Одни хвалили тебя за то, что будто сумел возвысить чувственную красоту человека, другие, напротив, видели в полотнах осуждение порочной чувственности — и за это тоже хвалили… Было что-то, было. И главное — экспрессия, рожденная упоительным трудом выразительность. Напиши-ка вот с такой же выразительностью рассвет в госпитальной палате! Изобрази этих разных, абсолютно непохожих и в то же время духовно объединенных людей, передай широту и богатство чувств и мыслей такими, как есть, — ничуть не пыжась возвысить эти чувства и мысли…
Владимир Петрович посмотрел на замотанный обрубок предплечья, шевельнул несуществующими пальцами. Шевельнул и оцепенел от испуга. Он был наслышан о физиологических курьезах человеческого организма, но слышать — одно, испытать самому — совсем другое. Гончаров еще раз подвигал пальцами, стиснул их в кулак и даже почувствовал остроту впившихся в кожу ногтей. Снова вернулся памятью к палитре, ощутил на руке, которой давно уже нет, ее легкую, радующую весомость. Мистика!
Вошла Машенька, поставила возле настольной лампы стерилизатор — никелированную коробочку со шприцами. Ей показалось, что отлучка была долгой. Машенька окинула палату зорким и озабоченным взглядом, не нашла, что могло бы встревожить, вызвать укоры совести, успокоилась, закусив губку, стала листать журнал с врачебными назначениями.
Написать картину на противопоставлении? Грубость и нежность. Грубость — война, нежность — Машенька.
Владимир Петрович потянулся к тумбочке, извлек папку с листами ватмана, положил себе на колени.
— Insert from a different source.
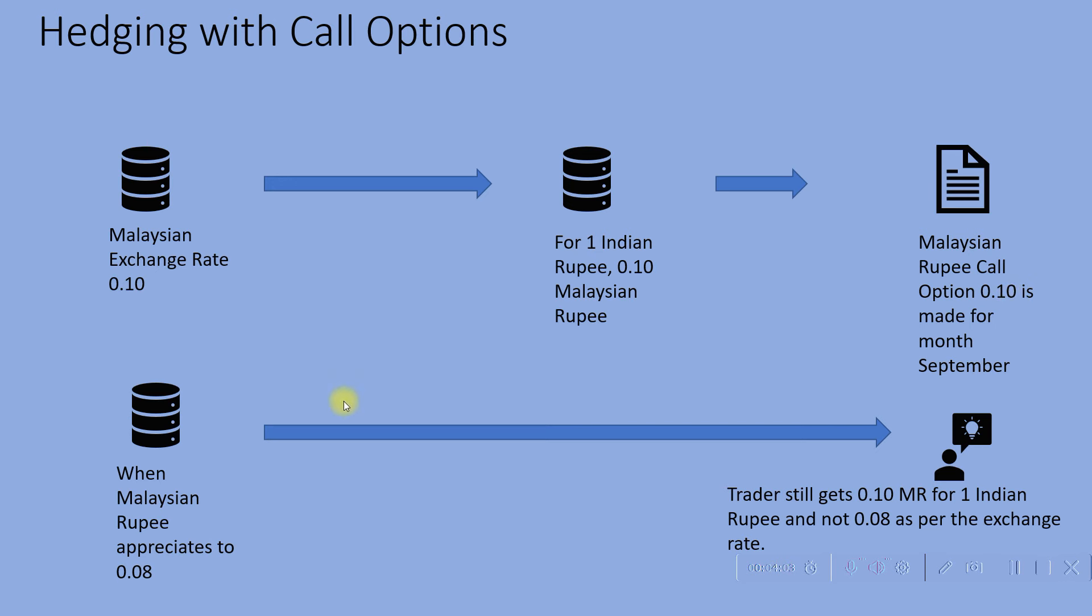Now when Malaysian rupee appreciates to 0.08, which would mean we need more rupees to buy a Malaysian rupee. That is when Malaysian rupee appreciates to 0.08, but if the trader has this Malaysian rupee call option 0.10, he can still get 0.10 Malaysian rupee for 1 Indian rupee and not 0.08 Malaysian rupee as per the exchange rate.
День за днем, эскиз за эскизом. Схватить жизненную натуральность, потом ее негде будет взять, некому будет позировать. После — на холст. А, лейтенант Гончаров? На переднем плане семнадцатилетняя Машенька с ее прозорливым, отзывчивым сердцем, со всей ее нежностью, безыскусно открытой душевной прелестью… Рассветным утром. Именно — утром. Когда вот эти чистые листы превратятся в эскизы, когда он приспособит что-то для смешивания красок, научится обходиться без привычной палитры, когда на подрамнике будет натянут холст, — тогда тоже писать утрами. Легкими рассветными утрами, чтобы ясность зарождающегося дня осветила Машенькину радость за излеченных, набирающих силу бойцов и не скрыла страдательных думок о тех, которых еще будут и будут привозить; чтобы увидеть в ее не очень ладной фигурке разбуженное цветение молодости, кроткое, доверчивое желание любви.
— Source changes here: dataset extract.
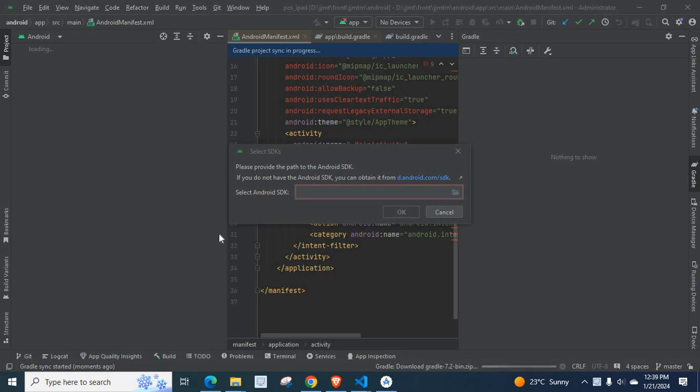Select SDKs. Please provide the path to the Android SDK. If you do not have the Android SDK, you can obtain it from d.android.com forward slash SDK.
С композицией успеется. Придет в свое время, определится. Сейчас — люди. В карандашных набросках запечатлеть израненного, недвижного парня по фамилии Смыслов, которого недоверчиво называют в госпитале начальником штаба и который в свои двадцать лет далеко не парень, поскольку — майор и действительно начальник штаба артиллерийского полка. Хоть карандашным штрихом ухватить душевную боль противоестественно седого разведчика Ивана Малыгина, едва вытащенного врачами с того света. А разве можно обойтись без Василия Курочки, отгораживающегося от постигшей беды веселым балагурством?
Владимир Петрович положил лист ватмана поверх папки, вооружился карандашом. Плохо заточен карандаш. Незакрепленный лист соскальзывает с картона. Тщатся придержать ватман пальцы руки, которой лишился еще в июле. Гнетущей, неутешной болью тянет что-то под сердцем…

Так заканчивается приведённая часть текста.